→ SOURCE DATA
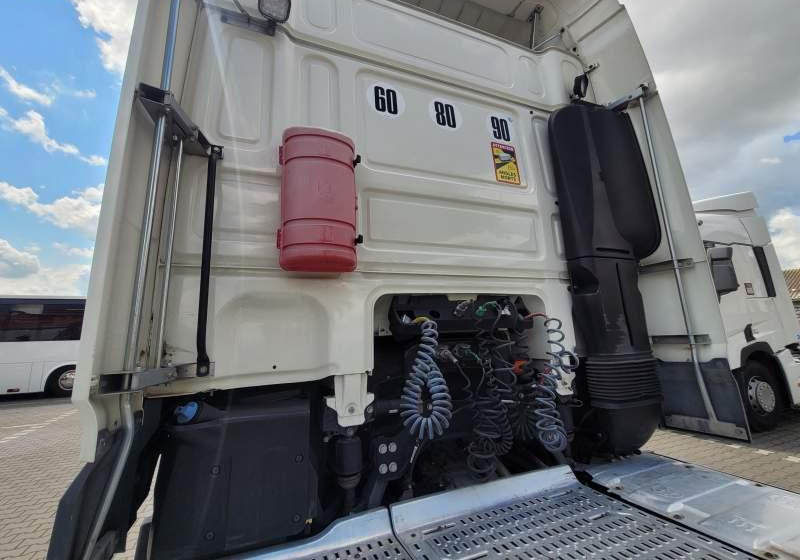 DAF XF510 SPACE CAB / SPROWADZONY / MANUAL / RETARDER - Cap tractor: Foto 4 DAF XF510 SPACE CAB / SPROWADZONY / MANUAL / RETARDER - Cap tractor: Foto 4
* * *
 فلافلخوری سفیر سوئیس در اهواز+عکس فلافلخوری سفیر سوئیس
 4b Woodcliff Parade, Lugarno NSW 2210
* * *
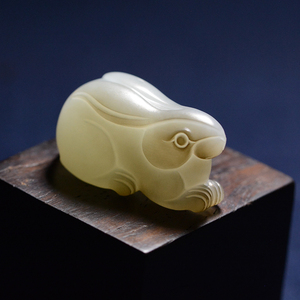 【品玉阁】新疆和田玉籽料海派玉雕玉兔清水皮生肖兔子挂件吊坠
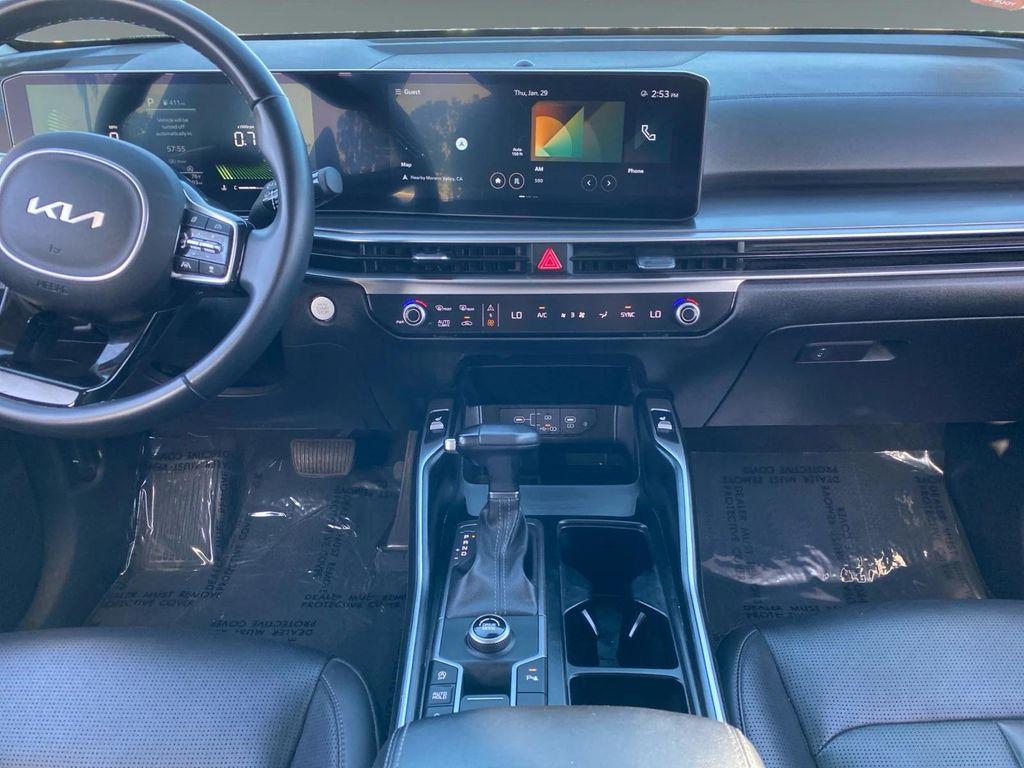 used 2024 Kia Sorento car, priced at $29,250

→ WORK REQUEST
Above are some records; copy exactly the lines from the one with "فلافلخوری سفیر سوئیس در" through the one with "4b Woodcliff Parade, Lugarno NSW 2210", both included, and no others.

→ WRITTEN SOLUTION
 فلافلخوری سفیر سوئیس در اهواز+عکس فلافلخوری سفیر سوئیس
 4b Woodcliff Parade, Lugarno NSW 2210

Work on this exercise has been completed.